◆ Exercise directions:
The answer must reproduce all of the data below exactly and contain no images.

◆ Records for the exercise:
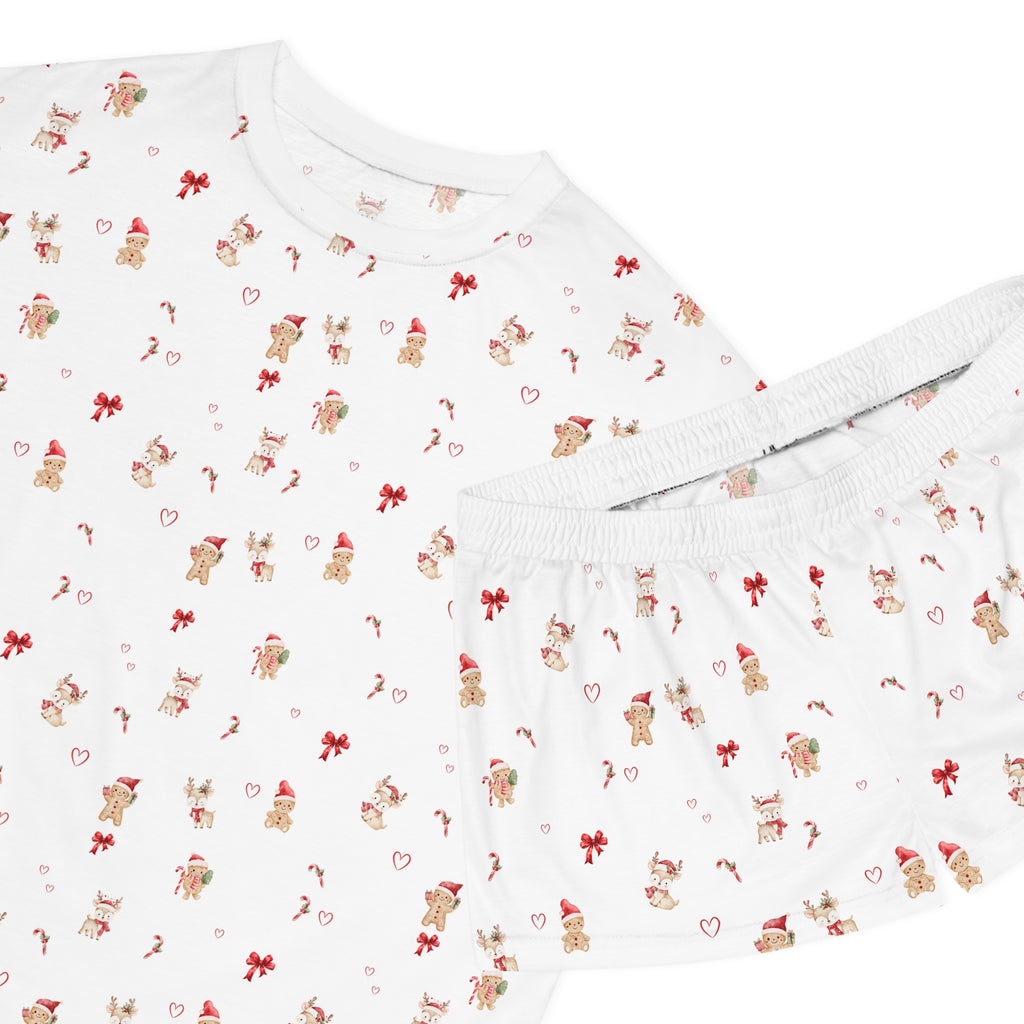 Women's Christmas Pajama Set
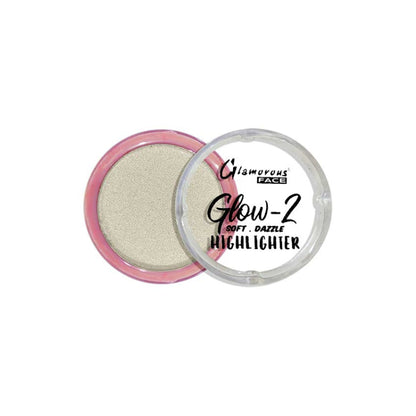 Glamorous Face Glow 2 Soft Dazzling Highlighter (01 Electro Silver)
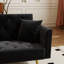 Chaise d'appoint 44,5 po avec repose-pieds, salon et chambre à coucher-148568665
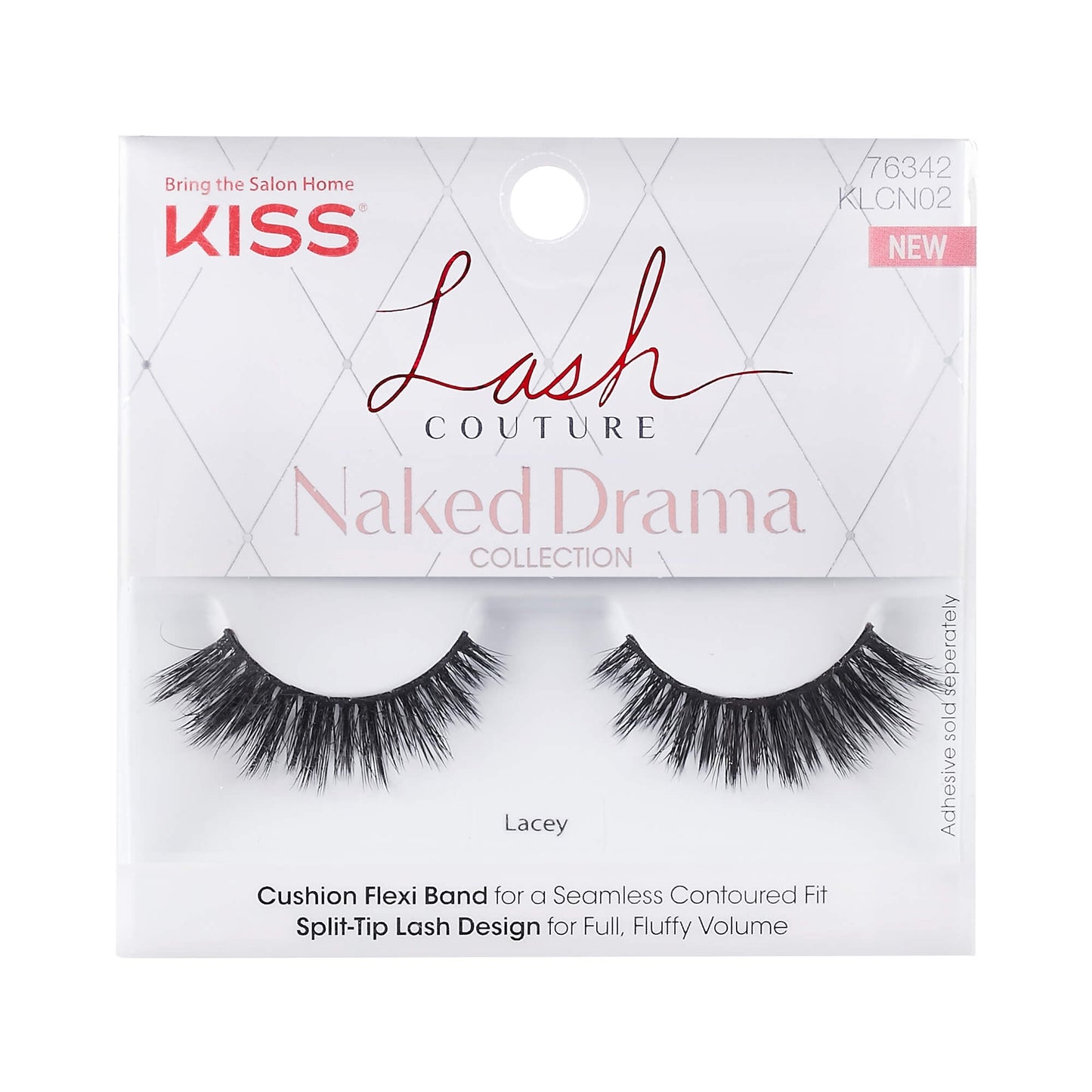 Kiss Lash Couture Naked Drama Lacey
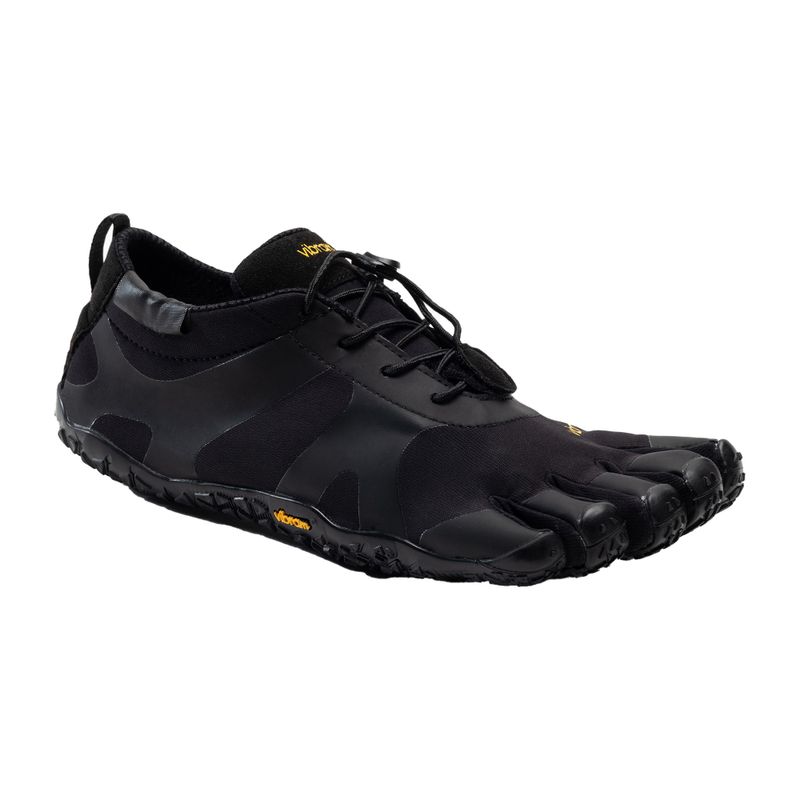 Pánske trekové topánky Vibram Fivefingers V-Alpha black 18M71010400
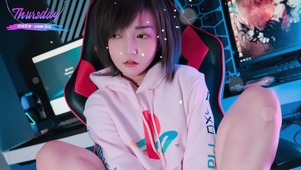 微胖可爱美女壁纸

◆ Exercise solution:
 Women's Christmas Pajama Set
 Glamorous Face Glow 2 Soft Dazzling Highlighter (01 Electro Silver)
 Chaise d'appoint 44,5 po avec repose-pieds, salon et chambre à coucher-148568665
 Kiss Lash Couture Naked Drama Lacey
 Pánske trekové topánky Vibram Fivefingers V-Alpha black 18M71010400
 微胖可爱美女壁纸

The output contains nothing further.